L'occasion se présenta comme à souhait pour le nouvel empereur de montrer sa fermeté d'âme et son patriotisme romain. Il était à peine proclamé, qu'Attila lui envoya un ambassadeur pour réclamer le tribut que Théodose, dans l'abaissement de ses dernières années, avait consenti à lui payer. Marcien reçut au milieu de sa cour l'ambassadeur du roi des Huns, et lui répondit par ces mots restés fameux: << retournez vers votre maître, et dites-lui que, s'il s'adresse à moi comme à un ami, je lui enverrai des présens; que si c'est comme à un tributaire, j'ai pour lui du fer et des armées qui valent les siennes. » Cette fière parole mit Attila en fureur, et il déclara qu'il ferait payer aux Romains, outre le tribut qu'ils lui devaient, les présens que leur empereur venait de lui promettre; toutefois la colère du barbare n'eut pas d'effet pour le moment, car l'armée innombrable qu'il réunissait sur le Danube était destinée à envahir

la Gaule. Après sa défaite dans les plaines de Châlons, lorsqu'il se jeta sur l'Italie avec de nouvelles troupes, Marcien fit passer une partie des siennes au-delà des Alpes, provoquant ainsi dans un intérêt romain le mortel ennemi de sa nation, et se montrant supérieur aux mesquines jalousies qui divisaient trop souvent les deux moitiés de l'empire pour leur ruine commune.

Tandis que par sa conduite au dehors il se donnait le droit d'inscrire en tête de ses lois des préambules tels que celui-ci : « nous appliquant à nous rendre utile au genre humain, consacrant nos jours et nos nuits à faire que les peuples sous notre gouvernement soient à l'abri des incursions barbares par la valeur de nos soldats, et vivent dans la paix et la sécurité,... » à l'intérieur il travaillait à cicatriser bien des plaies saignantes. Il épurait les magistratures vouées à la corruption sous l'administration de Chrysaphius, il modérait les impôts, remettait des amendes, amnistiait des condamnés; la religion surtout attira sa sollicitude.
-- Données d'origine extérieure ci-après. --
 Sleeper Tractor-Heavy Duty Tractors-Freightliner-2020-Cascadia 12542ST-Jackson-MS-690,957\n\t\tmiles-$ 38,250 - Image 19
Marcien était un catholique éprouvé, et la certitude de rencontrer en lui un frère en orthodoxie comme en amour du bien public n'avait pas médiocrement pesé sur la détermination de la pieuse Pulchérie. Cette conformité de doctrines dans un point alors si important augmenta la confiance publique, car pendant le dernier règne on n'avait que trop senti le mal que faisaient à l'église et à l'état les divisions de la famille impériale en matière de foi. On put donc espérer de voir le calme renaître bientôt dans la chrétienté, si profondément troublée par suite du faux concile d'Éphèse et de la loi de Théodose qui rendait ses décrets obligatoires dans l'empire d'Orient.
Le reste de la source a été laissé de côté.